# Explanation


The HSC data is too large to store as one sqlite database file using github.  So instead, it needs to be fetched by the user, separately from cloning the repository. This notebook is a work-in-progress to help automate that process, and make sure that the final schema is correct.

The one complication is that the database is also too large to fetch all-at-once, even if you just want ~10 columns rather than the full ~1000 columns. So you need to download it peicemeal, and then combine into a single database.

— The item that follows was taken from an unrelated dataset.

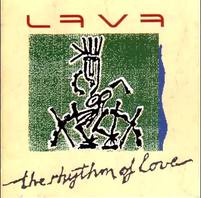 LAVA The Rhythm Of Love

 **Remember to set your credentials within `hsc_credentials.py` !**

In [None]:
from __future__ import division, print_function

In [None]:
from hsc_credentials import credential

In [None]:
from hscReleaseQuery import query_wrapper

# Build the query
Right now it only gets the *fluxes*, not the magnitudes. So far, I haven't needed the zeropoint. But this is a good start place if you need to build a query that gets the magnitudes.

In [None]:
sql_base = """
SELECT 
    object_id, 
    ra, dec, 
    detect_is_patch_inner, detect_is_tract_inner, detect_is_primary,
    gcmodel_flux, gcmodel_flux_err, gcmodel_flux_flags,
    rcmodel_flux, rcmodel_flux_err, rcmodel_flux_flags,
    icmodel_flux, icmodel_flux_err, icmodel_flux_flags,
    zcmodel_flux, zcmodel_flux_err, zcmodel_flux_flags,
    ycmodel_flux, ycmodel_flux_err, ycmodel_flux_flags
FROM 
    pdr1_cosmos_widedepth_median.forced
LIMIT 
    {}
OFFSET 
    {}
"""

# Make the query

**The total number of objects is currently hardcoded! Make sure this hasn't changed!**
The cleaner way to do this would be to make a simple query to the database, then count the number of records. But for now, hardcoding it is simpler.

In [None]:
n_objects = 1263503

In [None]:
block_size = 250000
n_blocks = (n_objects // block_size) + 1

In [None]:
limit = block_size

preview_results = False
delete_job = True
out_format = "sqlite3"

for i in range(n_blocks):
    offset = i*block_size
    
    sql = sql_base.format(limit, offset)
    
    output_filename = "tmp_{}.sqlite3".format(i)
    
    print(" ---------------- QUERY {} -------------------- ".format(i+1))
    print(sql)

    with open(output_filename, mode="wb") as output_file:
        query_wrapper(credential, sql, preview_results, delete_job, 
                      out_format, output_file,
                      nomail=True)

# Check if it worked

In [None]:
database_filenames = sorted(glob.glob("tmp_*.sqlite3"))
database_filenames

# Combine databases

In [None]:
import os, shutil
import glob
import pandas as pd

In [None]:
dfs = [pd.read_sql_table("table_1", "sqlite:///{}".format(database_filename),
                         index_col="object_id")
       for database_filename in database_filenames]
assert(sum(df.shape[0] for df in dfs) == n_objects)

combined = pd.concat(dfs)
assert(combined.shape[0] == n_objects)

del dfs
combined.head()


In [None]:
for filename in database_filenames:
    os.remove(filename)

In [None]:
combined.keys()

In [None]:
hsc_database_filename = "../HSC_COSMOS_median_forced.sqlite3"
hsc_database_filename_old = hsc_database_filename + ".old"

try:
    shutil.move(hsc_database_filename, hsc_database_filename_old)
    combined.to_sql("hsc", "sqlite:///{}".format(hsc_database_filename))
except:
    shutil.move(hsc_database_filename_old, hsc_database_filename)
    raise
else:
    os.remove(hsc_database_filename + ".old")